Write exactly the lines running from the start of the material below to the line that includes "An Edwardian oak", and include no pictures.

Data for processing: Begin

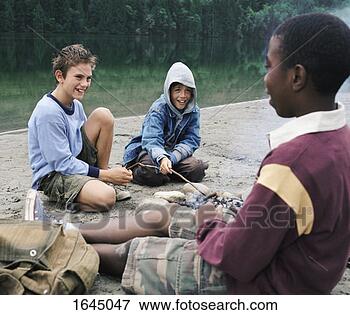 Picture - three young boys 
sit on the riverbank 
by a campfire, 
laughing. fotosearch 
- search stock 
photos, pictures, 
images, and photo 
clipart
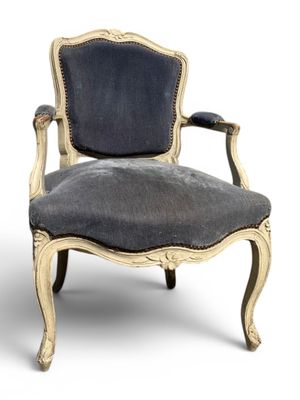 an image of a chair with a blue upholstered seat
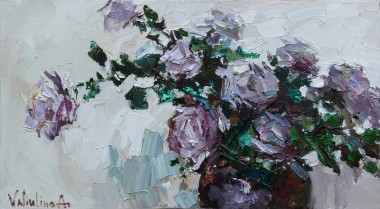 Purple roses in a vase 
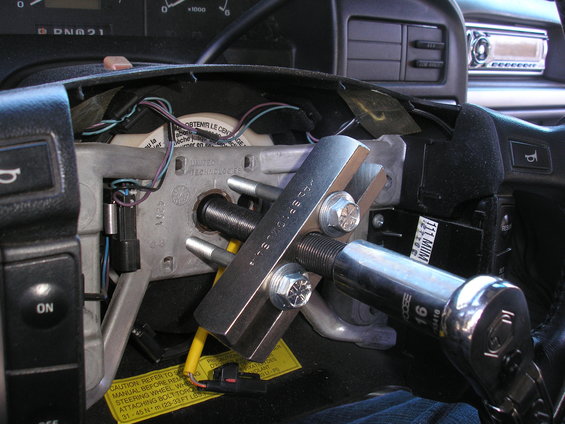 Steering wheel puller tool attached to steering column with bolts and socket wrench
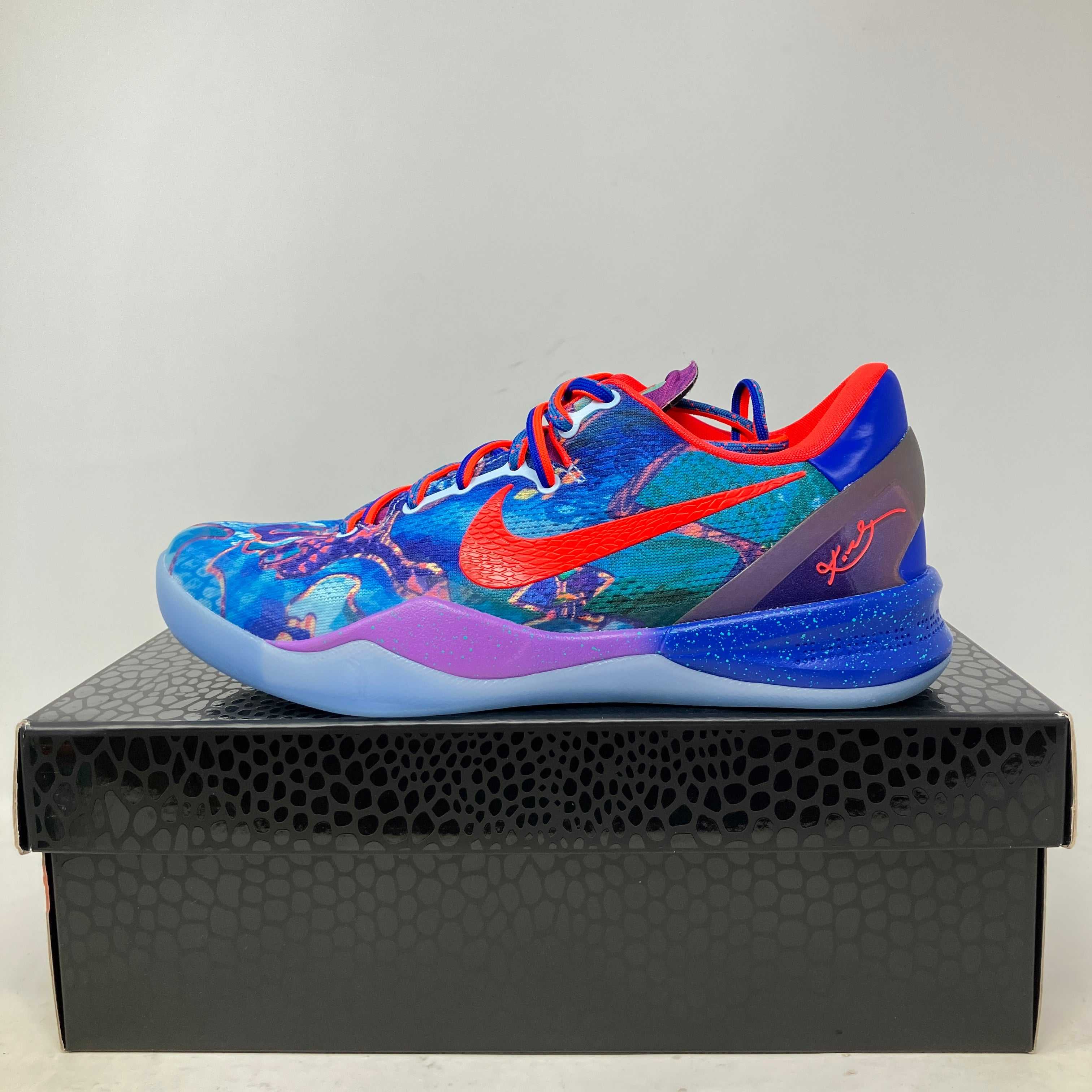 Nike Kobe 8 Protro What The sneaker in vibrant blue, red, and purple colors, pre-owned with all accessories on black textured shoe box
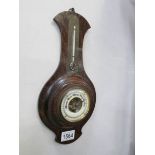 An Edwardian oak barometer with mercury snail thermometer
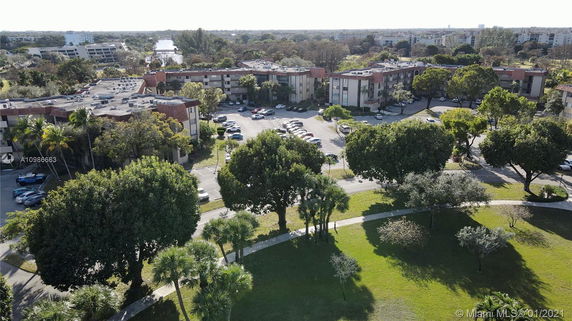 Aerial view of residential buildings surrounded by trees and parking areas.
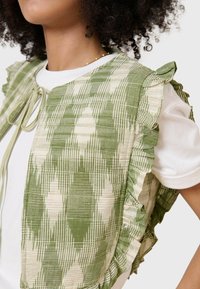 Gilet verde e crema con un motivo checkered testurizzato e bordi arricciati. Si lega al colletto, indossato sopra una t-shirt bianca.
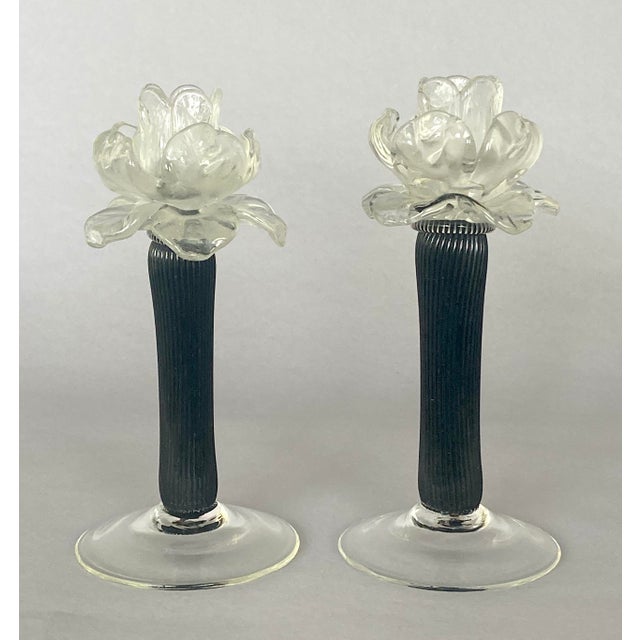 Offering two pairs of exceptional vintage Italian art-glass candlesticks featuring sculptural clear glass flowers atop...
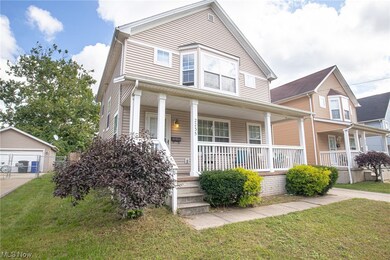 View of front of property with a front yard, garage, and a porch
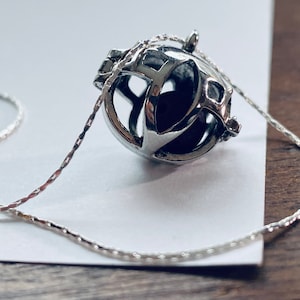 May include: A silver necklace with a cage-like pendant. The pendant is open and has a delicate design.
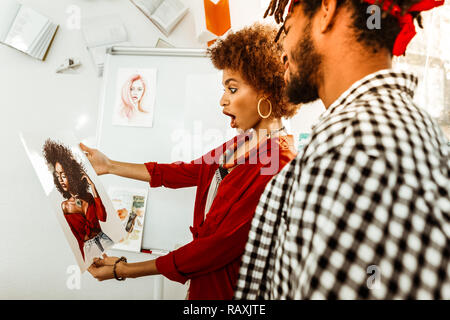 Attraente sentimento donna molto sorpreso vedendo il suo straordinario ritratto Foto Stock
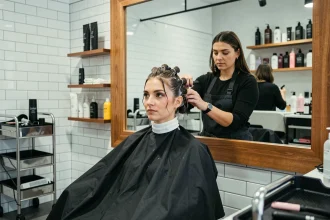 Femme aux cheveux enroulés sur des bigoudis de permanente dans un salon de coiffure moderne, styliste en action en arrière-plan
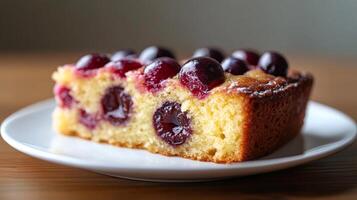 Slice of delicious cherry clafoutis cake resting on white plate photo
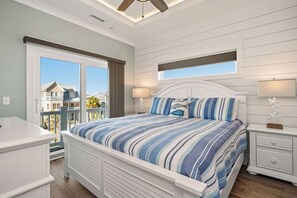 A bedroom with a bed, bedside tables, a window, and a view of houses outside. - Slow M'Ocean: Large, Modern Home with a Pool, Elevator and Hot Tub! (Oak Island)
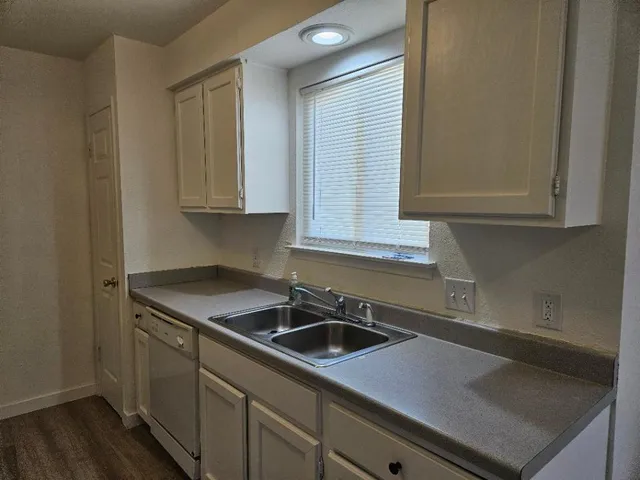 a kitchen with a sink cabinets and a window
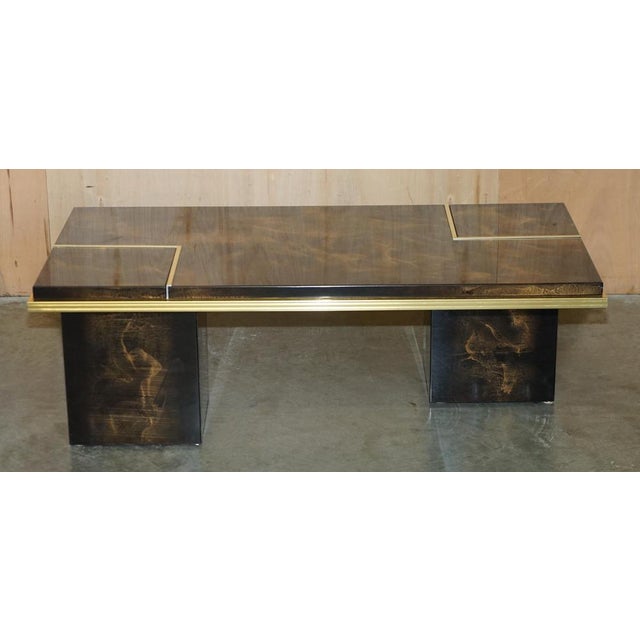 Lovely Mid Century Modern coffee table with hidden internal storage and hand painted and lacquered finish. Dimensions...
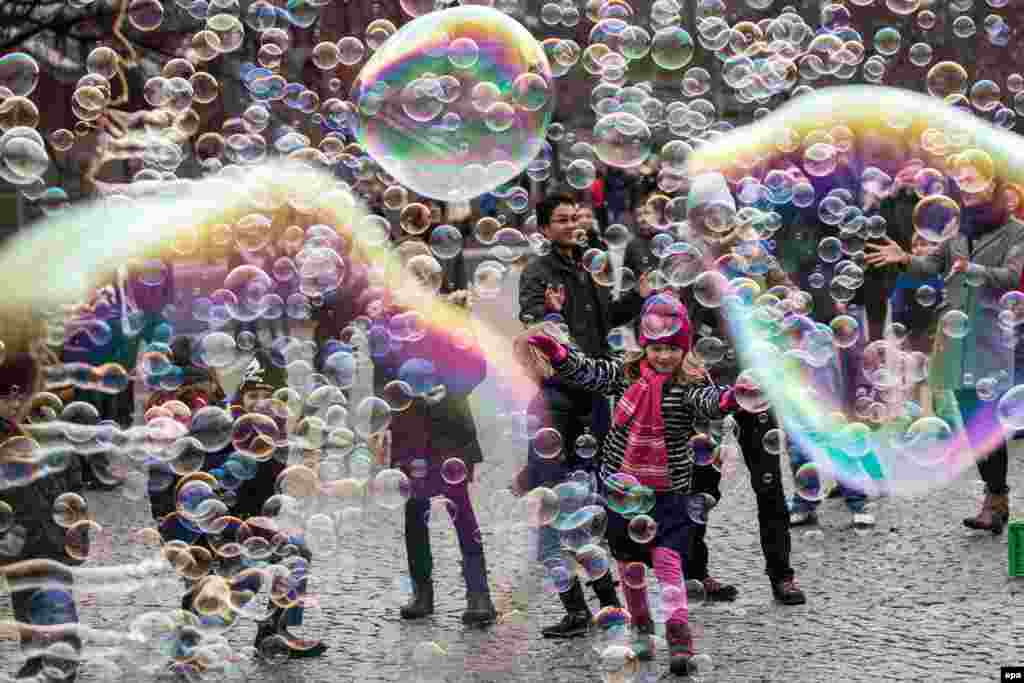 Visitors and children play with big and small bubbles in Cologne, Germany. (epa/Maja Hitij)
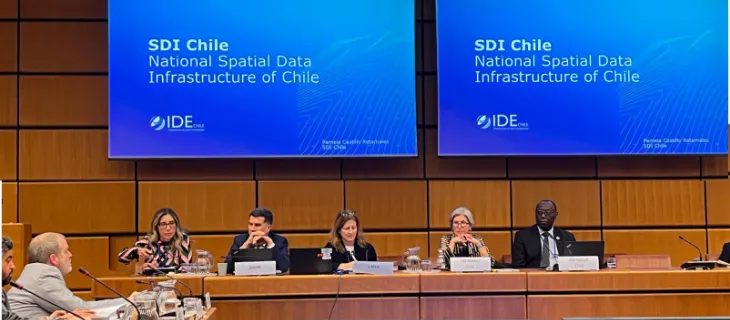 La mesa de panelistas durante la presentación «SDI Chile — National Spatial Data Infrastructure of Chile», proyectada en las dos pantallas de la sala.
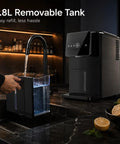 Countertop Nugget Ice Machine 33 Lbs Quick Freeze Cycle Producing Soft Chewable Squares With Hassle Free Push Button Start Self Drain Unit Brushed Steel Finish showing 1.8L removable tank filling with water on a marble countertop.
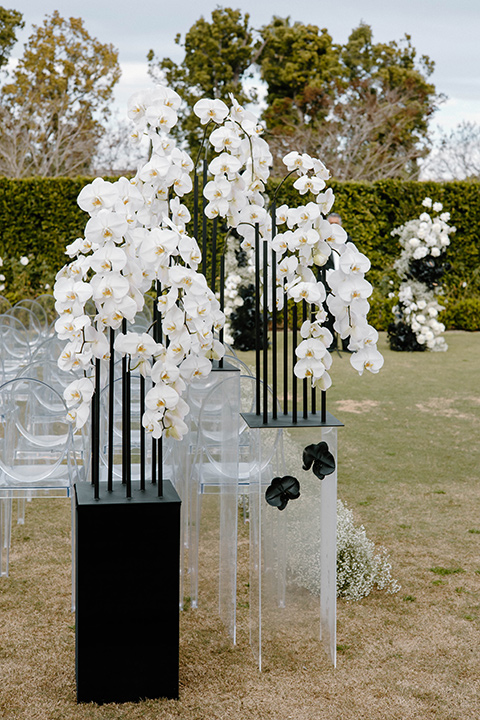  a chic black and white wedding with modern touches with the groom in a white tuxedo and the bride in a white ballgown and the bridesmaids and groomsmen in black dresses/tuxedos – modern ceremony space and décor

Data for processing: End

### Response to this task:
 Picture - three young boys 
sit on the riverbank 
by a campfire, 
laughing. fotosearch 
- search stock 
photos, pictures, 
images, and photo 
clipart
 an image of a chair with a blue upholstered seat
 Purple roses in a vase 
 Steering wheel puller tool attached to steering column with bolts and socket wrench
 Nike Kobe 8 Protro What The sneaker in vibrant blue, red, and purple colors, pre-owned with all accessories on black textured shoe box
 An Edwardian oak barometer with mercury snail thermometer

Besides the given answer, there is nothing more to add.